EXERCISE AIM. Find the line with "Documentary Film Festival" in the entries below, then reproduce it and every line after it down to and including the line with "Excelente para vacaciones", exactly.

DATA FOR THIS TASK.
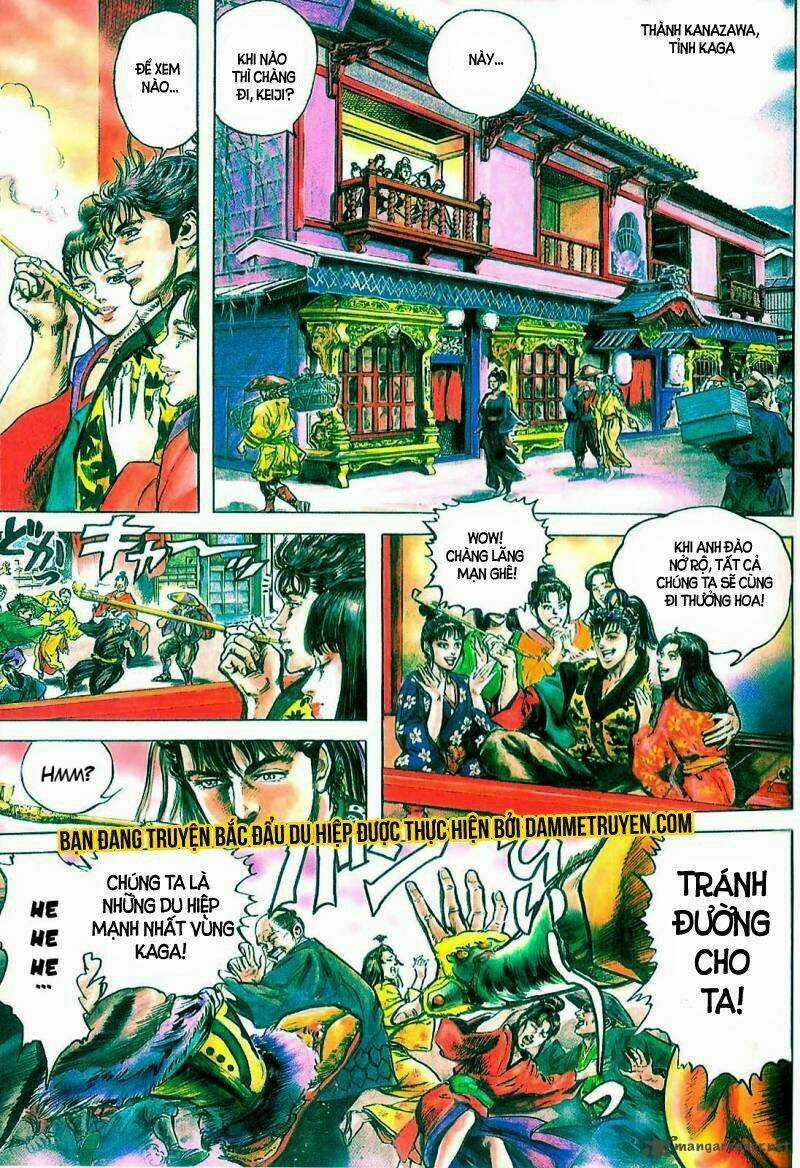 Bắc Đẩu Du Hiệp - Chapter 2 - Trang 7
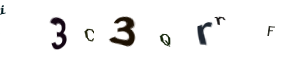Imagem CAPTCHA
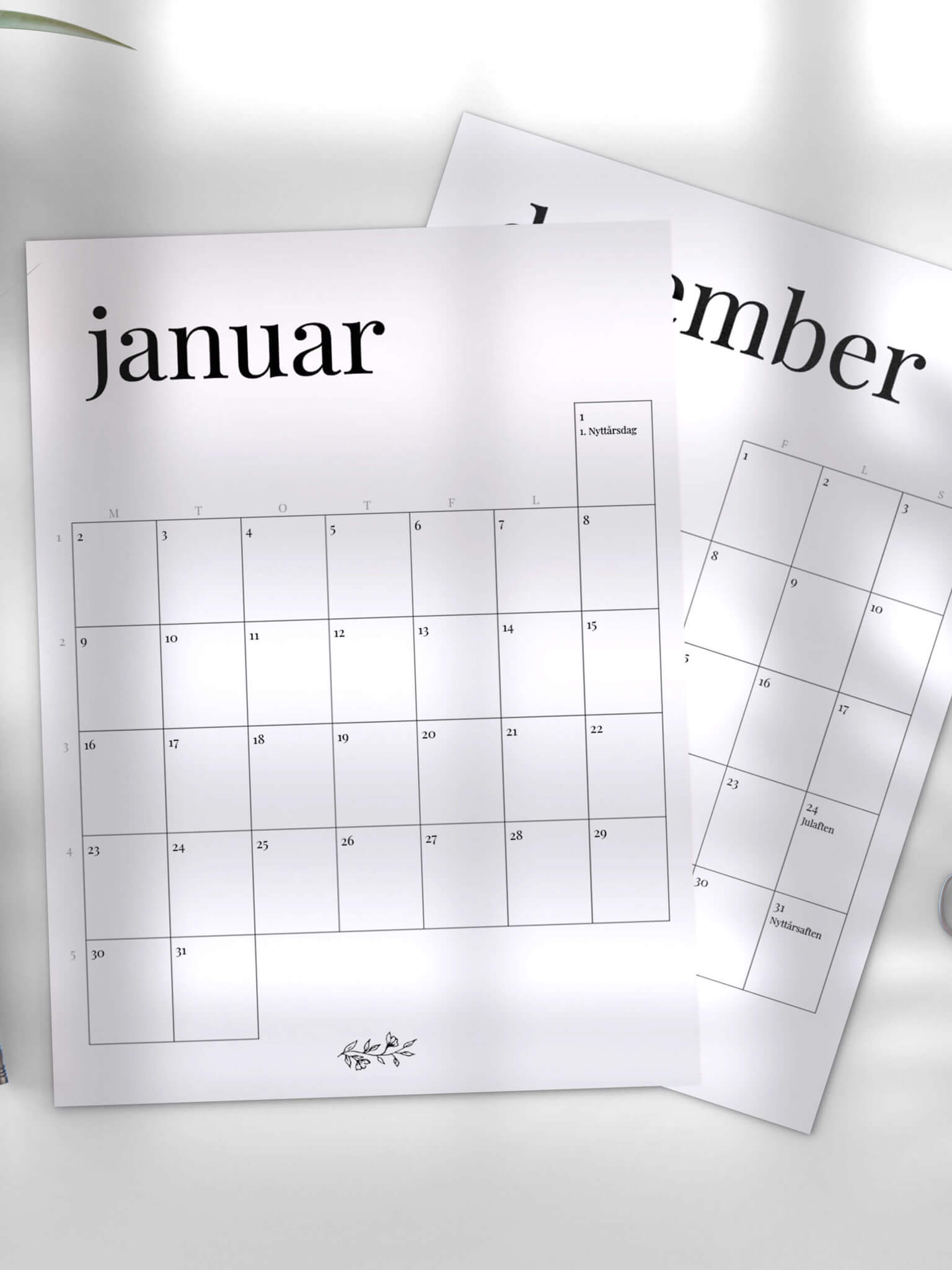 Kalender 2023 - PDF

...

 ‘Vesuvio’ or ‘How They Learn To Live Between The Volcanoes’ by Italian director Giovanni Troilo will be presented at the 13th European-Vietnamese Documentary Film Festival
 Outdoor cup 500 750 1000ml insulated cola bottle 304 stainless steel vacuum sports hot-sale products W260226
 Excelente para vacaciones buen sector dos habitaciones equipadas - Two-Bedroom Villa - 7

==

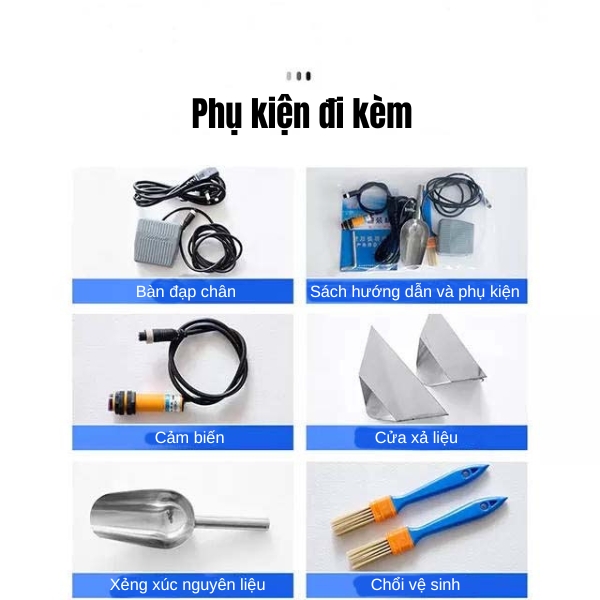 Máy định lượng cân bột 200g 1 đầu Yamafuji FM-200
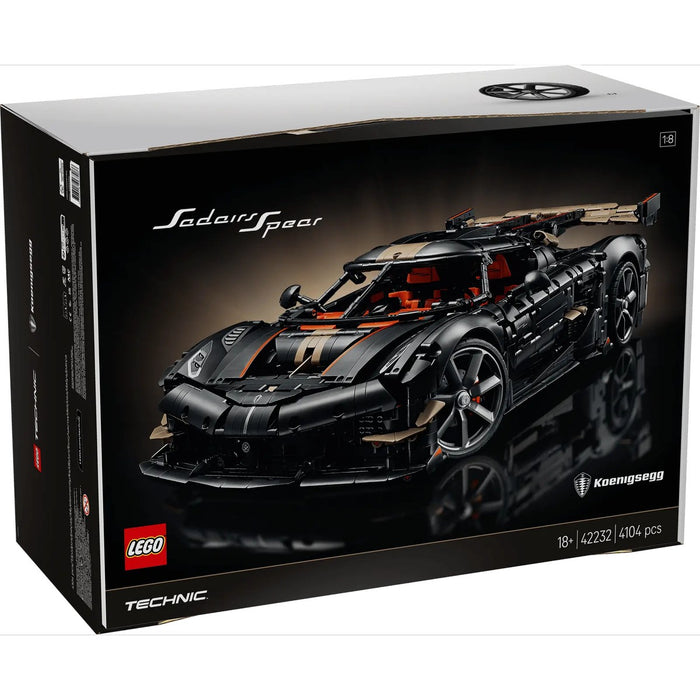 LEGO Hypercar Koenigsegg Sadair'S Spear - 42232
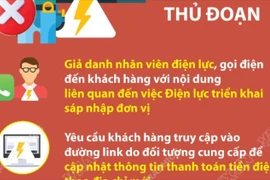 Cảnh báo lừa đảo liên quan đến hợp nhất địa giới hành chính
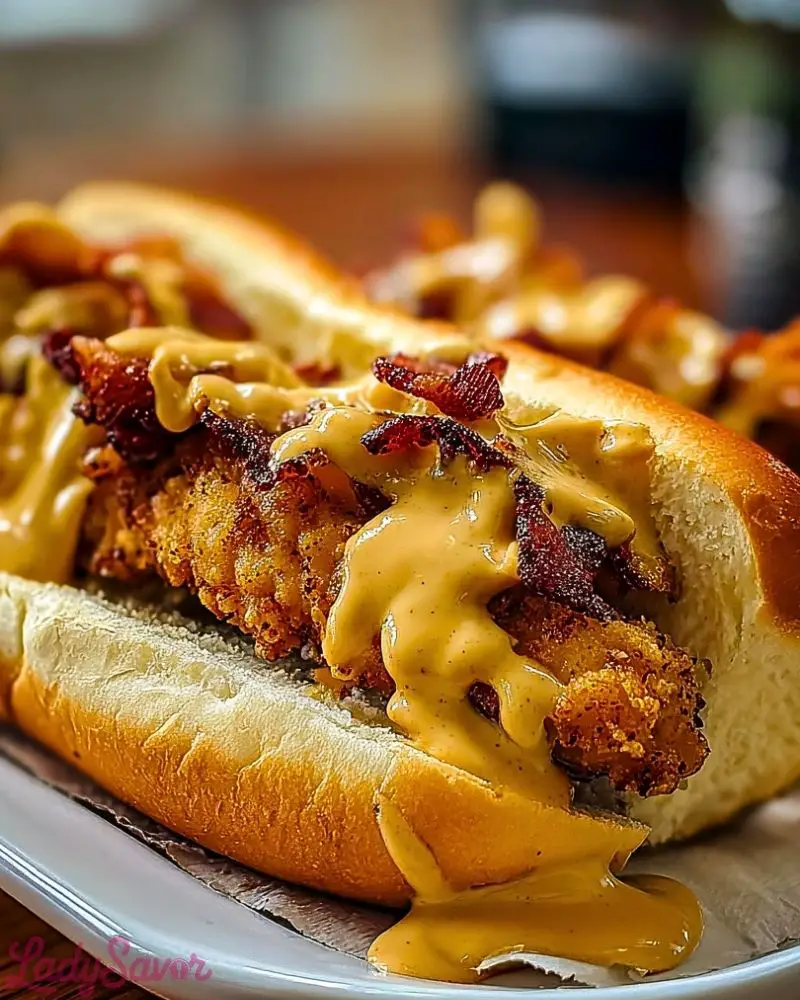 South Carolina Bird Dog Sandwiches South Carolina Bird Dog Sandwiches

REPLY TO THE EXERCISE.
 ‘Vesuvio’ or ‘How They Learn To Live Between The Volcanoes’ by Italian director Giovanni Troilo will be presented at the 13th European-Vietnamese Documentary Film Festival
 Outdoor cup 500 750 1000ml insulated cola bottle 304 stainless steel vacuum sports hot-sale products W260226
 Excelente para vacaciones buen sector dos habitaciones equipadas - Two-Bedroom Villa - 7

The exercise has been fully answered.